Riceviamo e con grande piacere e gratitudine pubblichiamo:
Gli auguri di Benedetto: convertiamoci alla verità
Angela Ambrogetti
Gli auguri del papa alla Curia romana e alla Chiesa cattolica sanno un po’ di amaro. Il motivo è disgraziatamente evidente. Ma il dolore e lo sconcerto per Benedetto XVI non lo fanno “giocare in retroguarda”. Anzi, il papa approfitta per cercare di capire il perché sociale di un comportamento non solo peccaminoso, ma profondamente antisociale.
Come già aveva spiegato nel libro intervista Luce del mondo, il papa rilegge la sciagurata ideologia post sessantina e torna a quegli anni ’70 in cui si teorizzava che nulla è bene o male, ma solo “meglio di” o “peggio di”. Erano gli anni in cui tutto era relativo alla “propria coscienza”. E qui ancora arriva la lucida lettura di Benedetto XV che, nel suo discorso alla Curia romana per gli auguri del Natale 2010, fotografa la situazione presente del mondo alla luce del pensiero del Beato Henry Newman. Cosa significa “coscienza”? Non è soggettività, relativismo, l’ultimo istanza del singolo. La coscienza che Newman metta al di sopra di tutto è la verità oggettiva, è a forza vincolante della verità. E a questa coscienza che Newman brinda prima che al papa. Perché ovviamente il papa è il Servitore della Verità.
E’ naturale allora che il cristianesimo è il portatore di quei valori assoluti e comuni sui quali si deve formare la democrazia condivisa, quella che cerca il bene comune basato sulla dignità dell’uomo, quello che fonda la ragione piuttosto che la mera razionalità.
Ed è su questa ragione condivisa, su questo rispetto della dignità che si basa anche la condanna assoluta ad ogni forma di cristianofobia. Non solo per un semplice rifiuto della violenza “che non porta ad alcun progresso”, dice il papa, ma perché è sentimento che si basa sulla “avidità di lucro e l’accecamento ideologico”.

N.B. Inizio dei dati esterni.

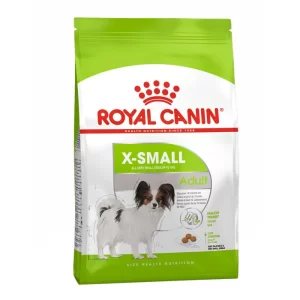 غذا خشک سگ های بالغ سایز کوچک ( تا وزن 4 کیلوگرم ) رویال کنین (x-Small Adult) وزن1.5 کیلوگرم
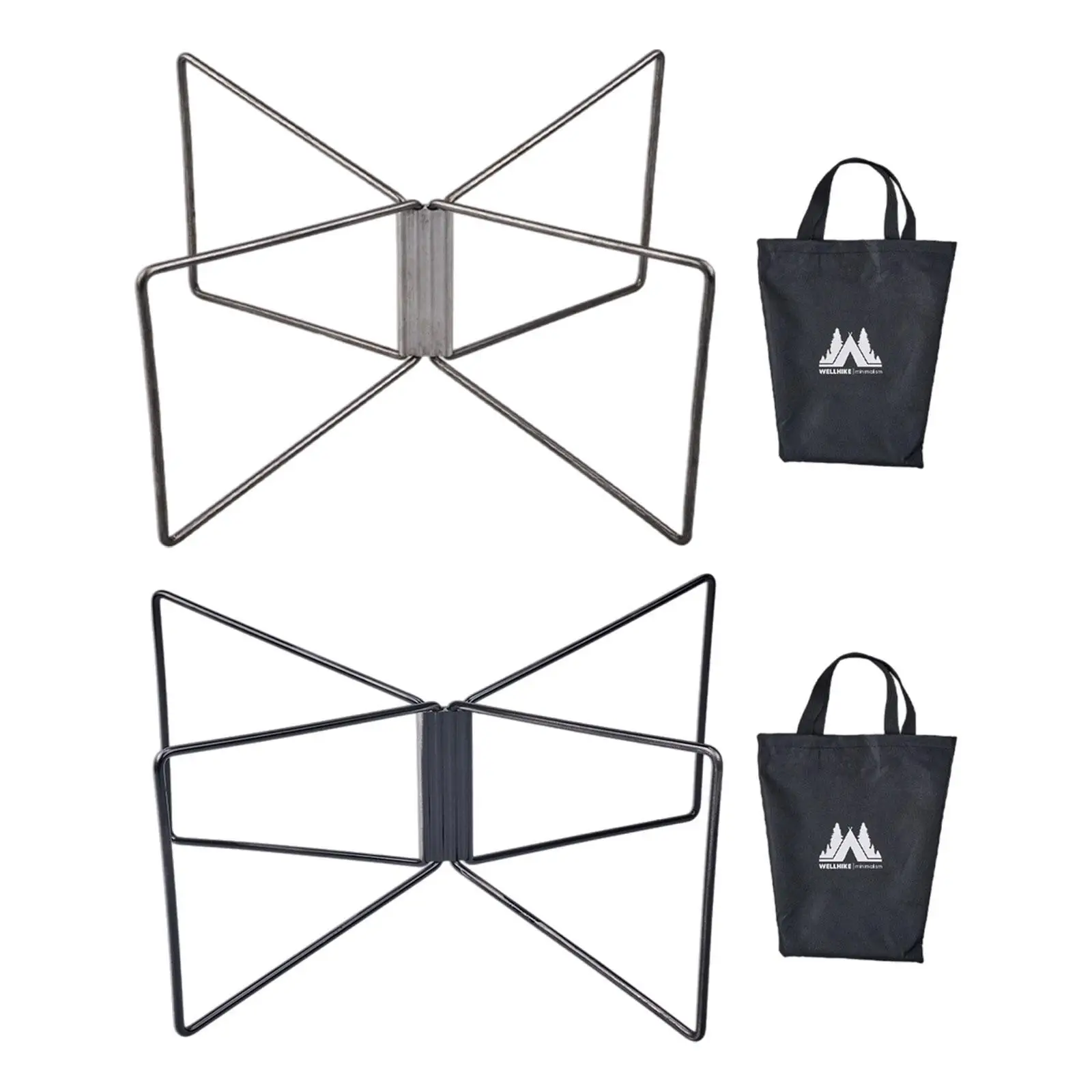 

Складная подставка-холодильник, компактный держатель для холодильника для льда для пеших прогулок, барбекю, дома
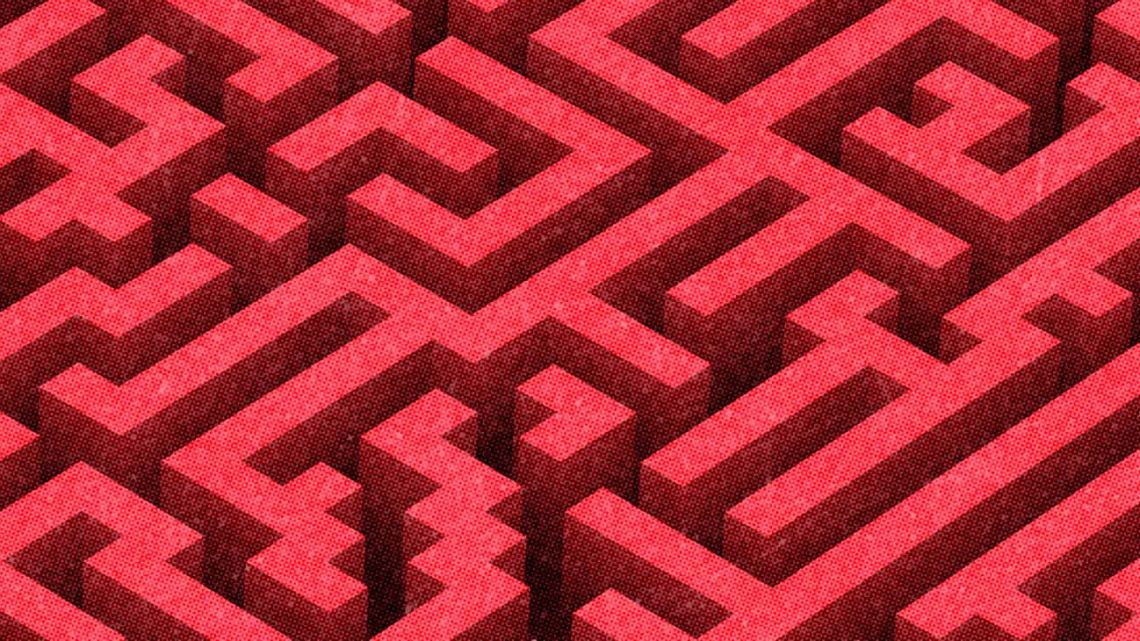 Politics in a labyrinth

Nei suoi auguri il papa chiede alla Chiesa di fare penitenza per i peccati dei sacerdoti, chiede di riconoscere il bello e il buono che è comunque superiore al male, chiede di essere pronti, come Newman, a convertirsi alla “realtà” di Dio che non è “afferrabile” dai sensi, ma che è la unica verità concreta per l’ uomo.